__TASK DETAILS__: Will you write out, word for word, every line from the one with "Accidente en la" to the final line of the data below, with the pictures left out?

Records contained in a dataset:
== Segment start ==

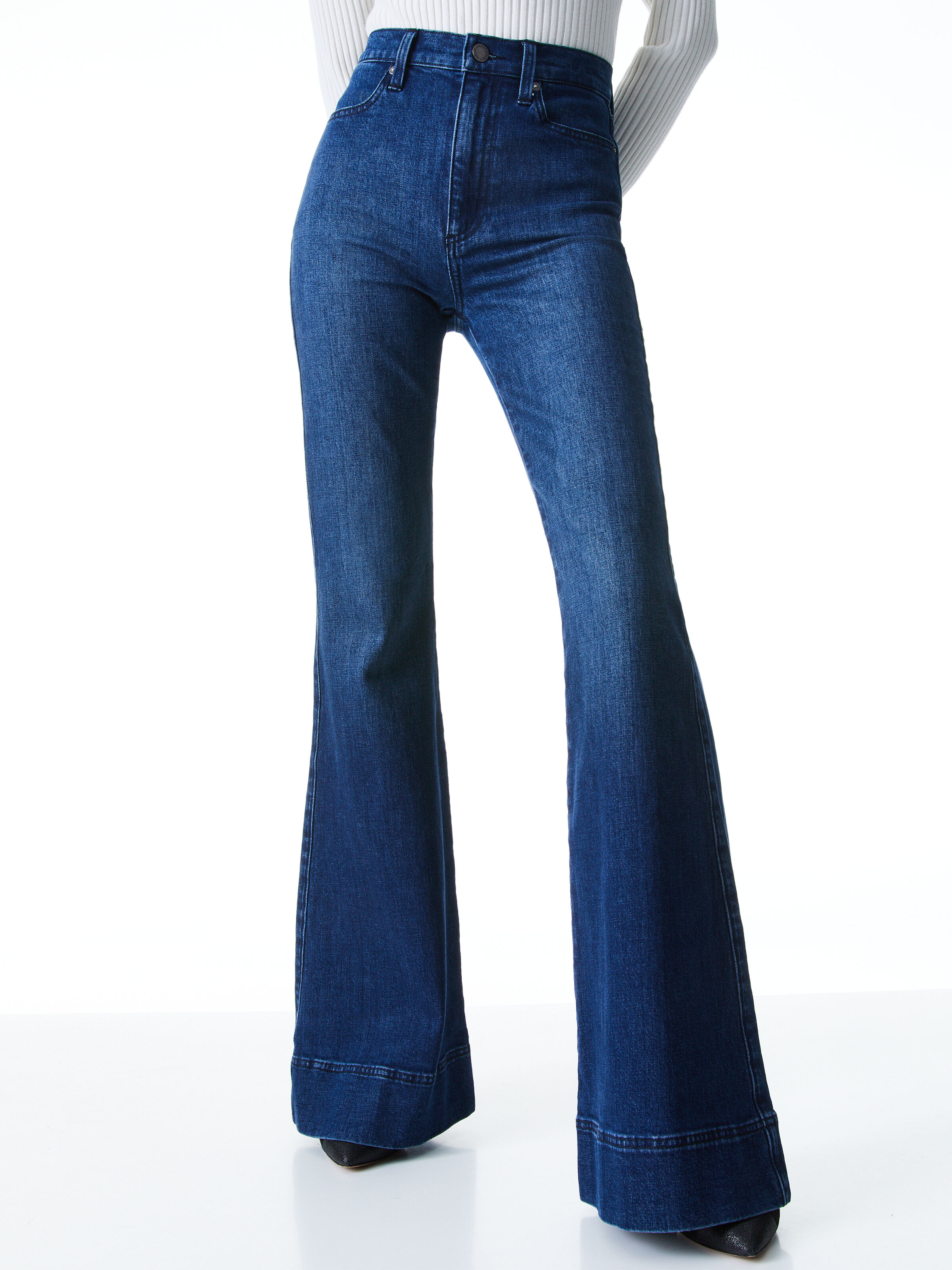 70s Blue Black Wool Plaid Bell Bottom Pants – The Hip Zipper Nashville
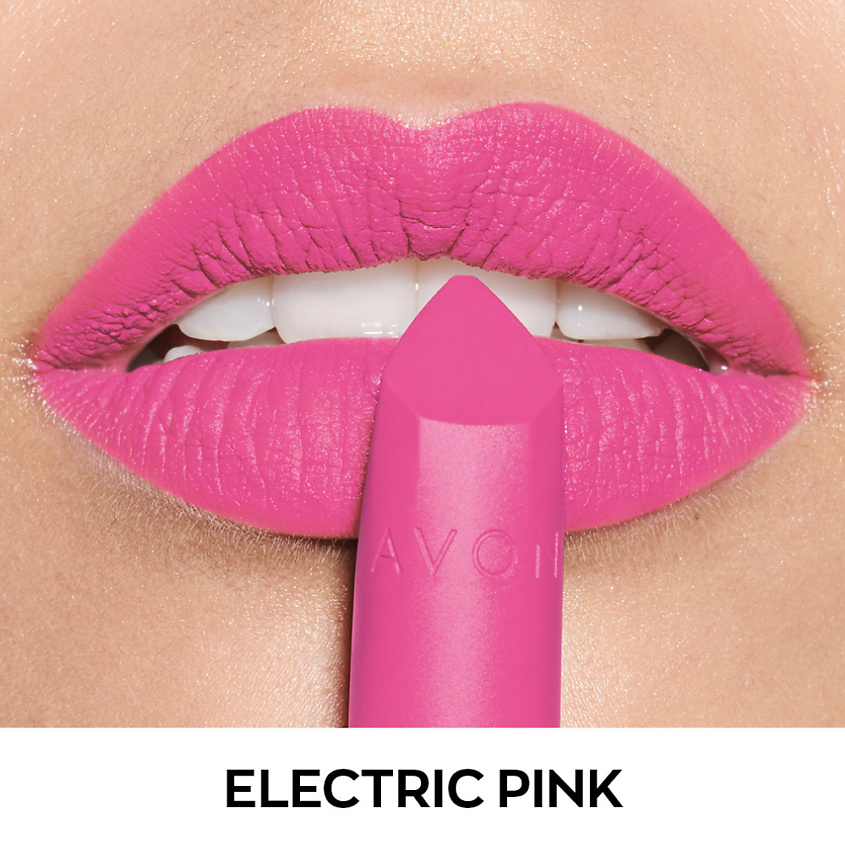 AVON Увлажняющая матовая помада "Ультра", Ультрарозовый/Electric Pink – фото 3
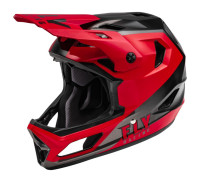 Cyklo přilba RAYCE, FLY RACING - USA (červená/černá)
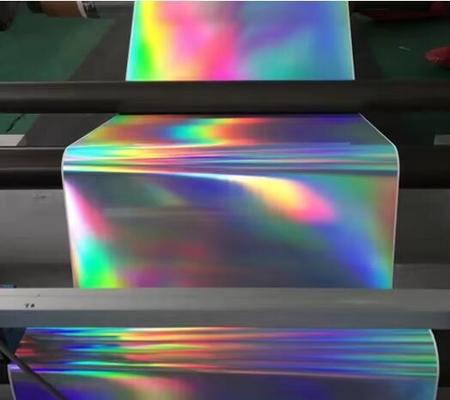 Boîte de papier holographique métallisée arc-en-ciel / rouleau pour l'impression UV et l'emballage
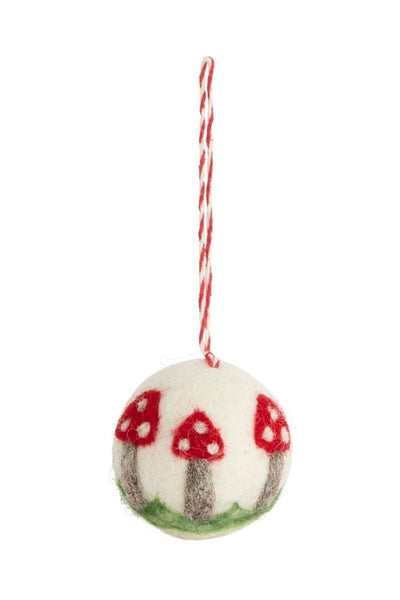 Ornament, Fun Fungi Ball 1.75"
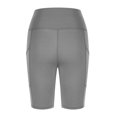 thumbnail image 7 of Zpanxa Womens Shorts Clearance, Athletic Shorts for Women High Waisted Yoga Workout Shorts with Pockets, Sport Leggings Exercise Gym Shorts for Running Casual Summer Gray B S, 7 of 7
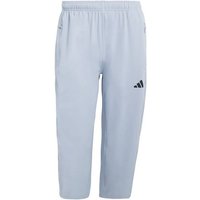 ADIDAS Herren Caprihose WORKOUT ESSENTIALS FLEX WOVEN 3/4, Größe M in Grau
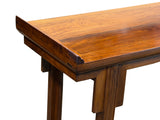 Oriental Point Edge Altar Natural Wood Grain Everted Flanges Console Table ws5028S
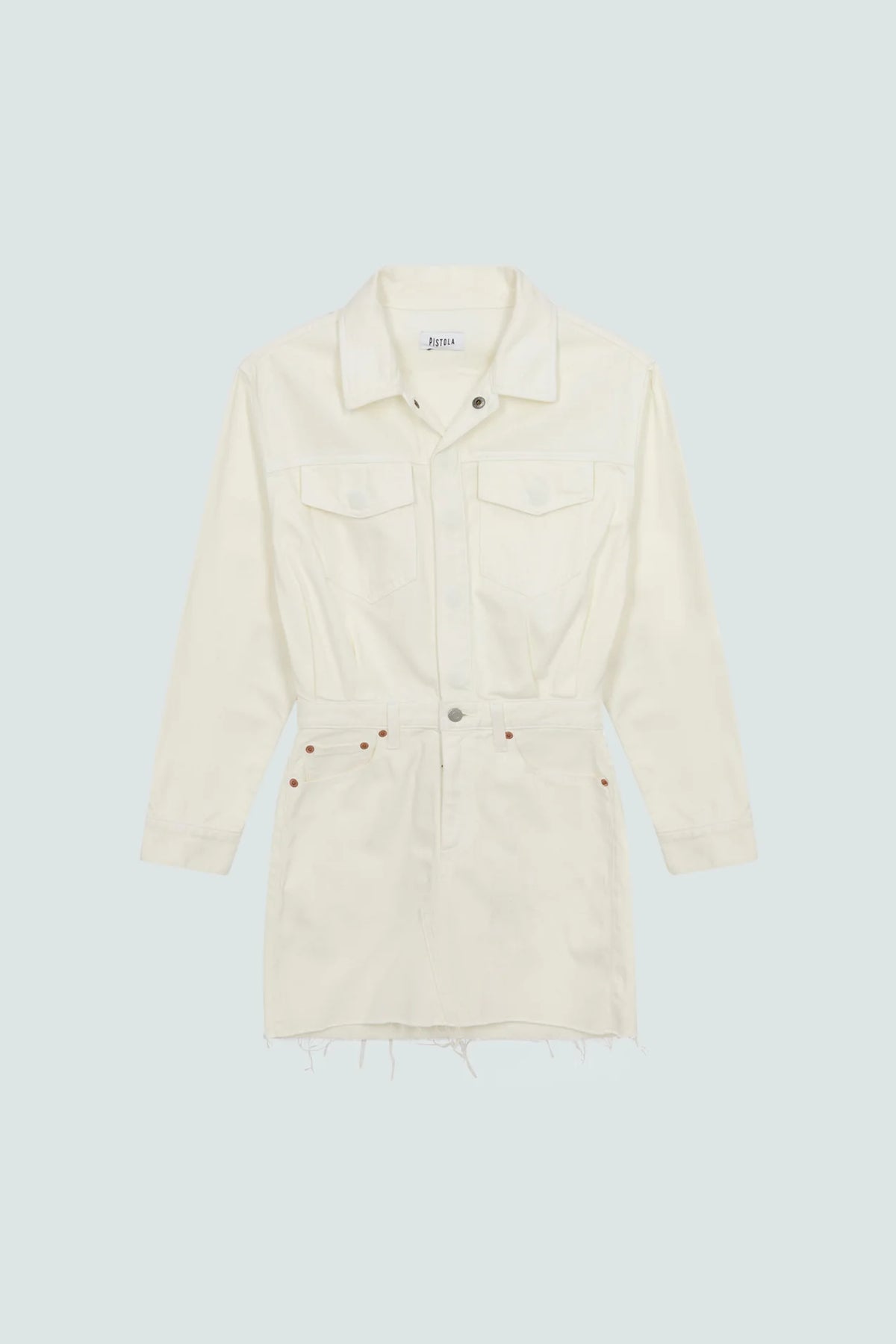pistola nina denim mini dress Pistola Nina Denim Mini Dress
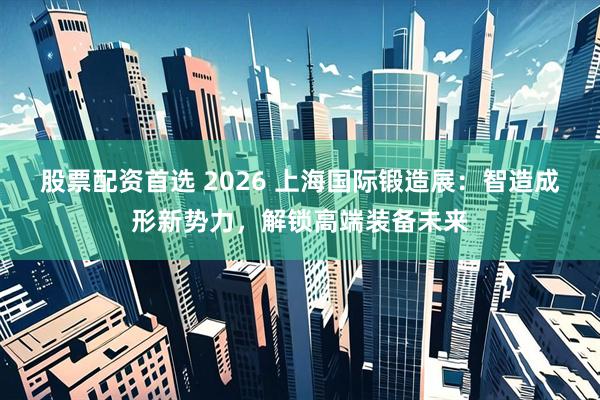 股票配资首选 2026 上海国际锻造展：智造成形新势力，解锁高端装备未来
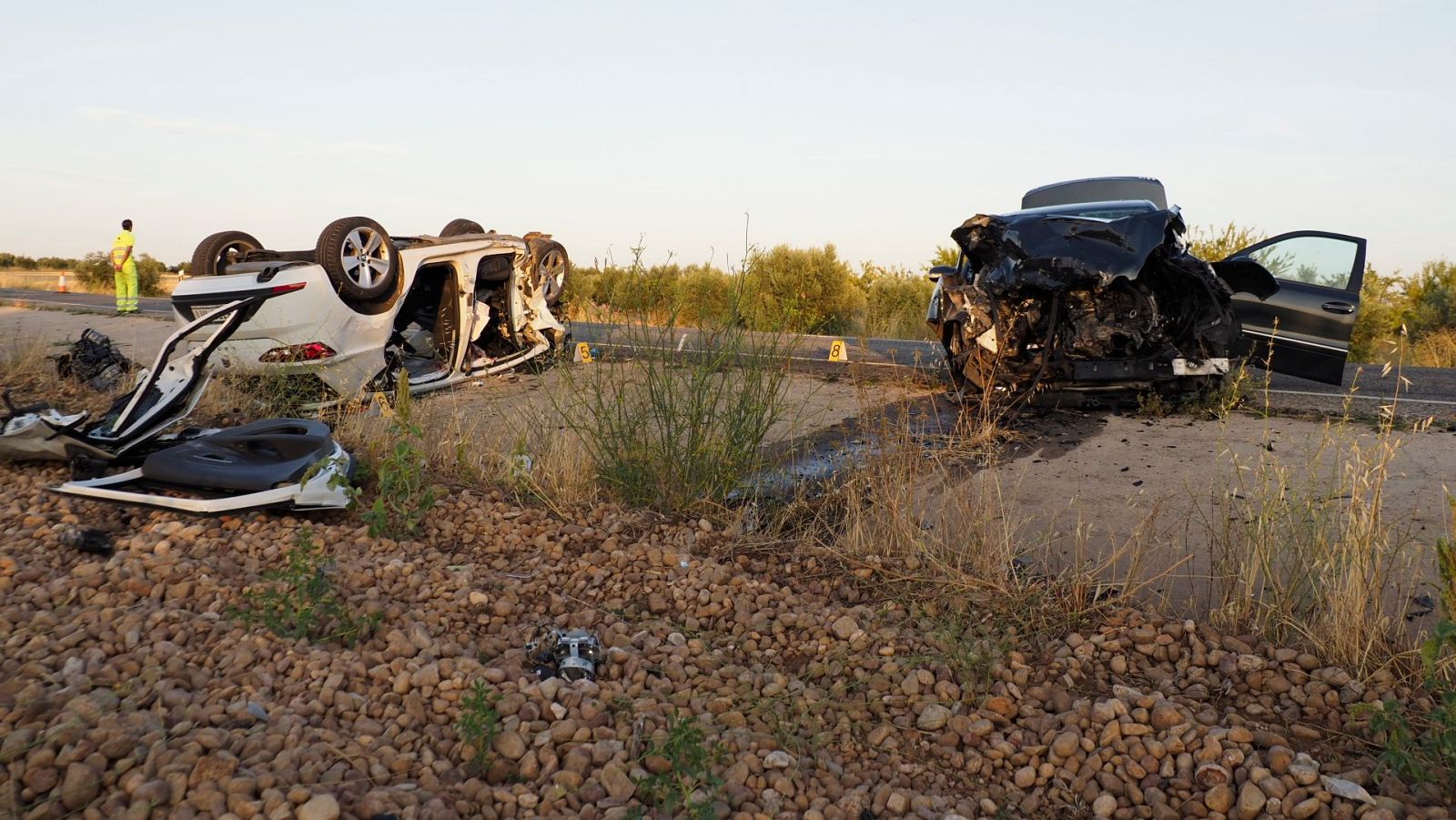 Accidente en la N-310, en la provincia de Cuenca, este verano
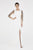 Saboroma - 4551 Beaded Long Sleeves Mermaid Dress In White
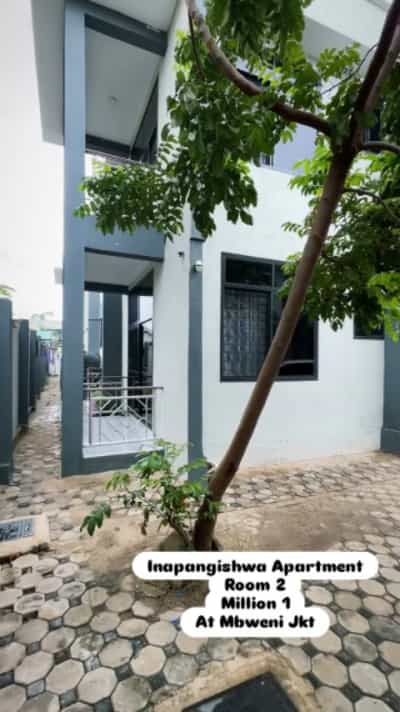 Nyumba/Apartment ya vyumba viwili inapangishwa Mbweni, Dar Es Salaam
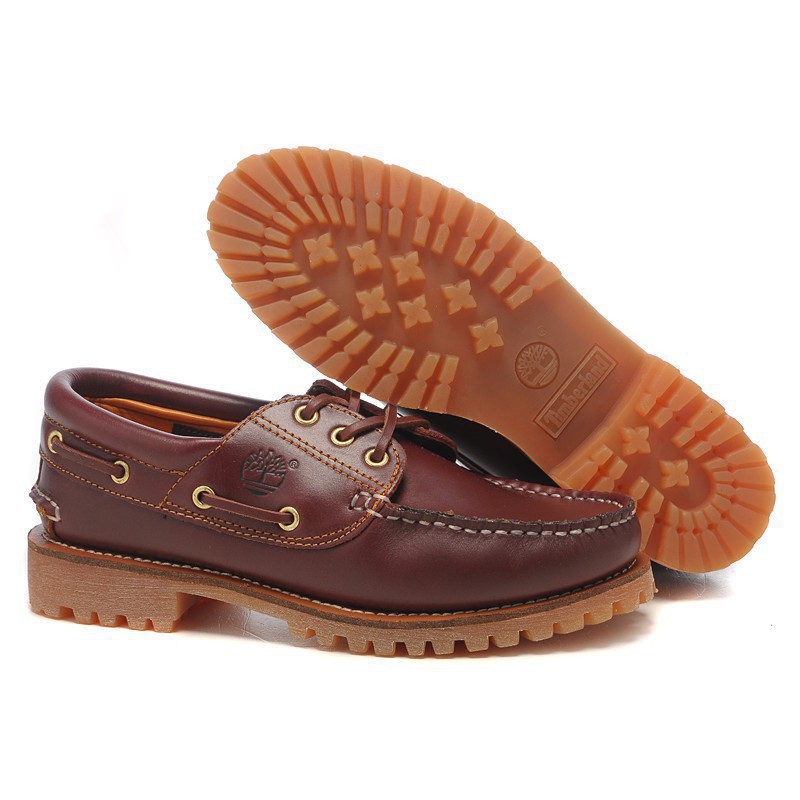 timberland leather loafers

== Segment end ==

__THE ANSWER__:
 Accidente en la N-310, en la provincia de Cuenca, este verano
 Saboroma - 4551 Beaded Long Sleeves Mermaid Dress In White
 Nyumba/Apartment ya vyumba viwili inapangishwa Mbweni, Dar Es Salaam
 timberland leather loafers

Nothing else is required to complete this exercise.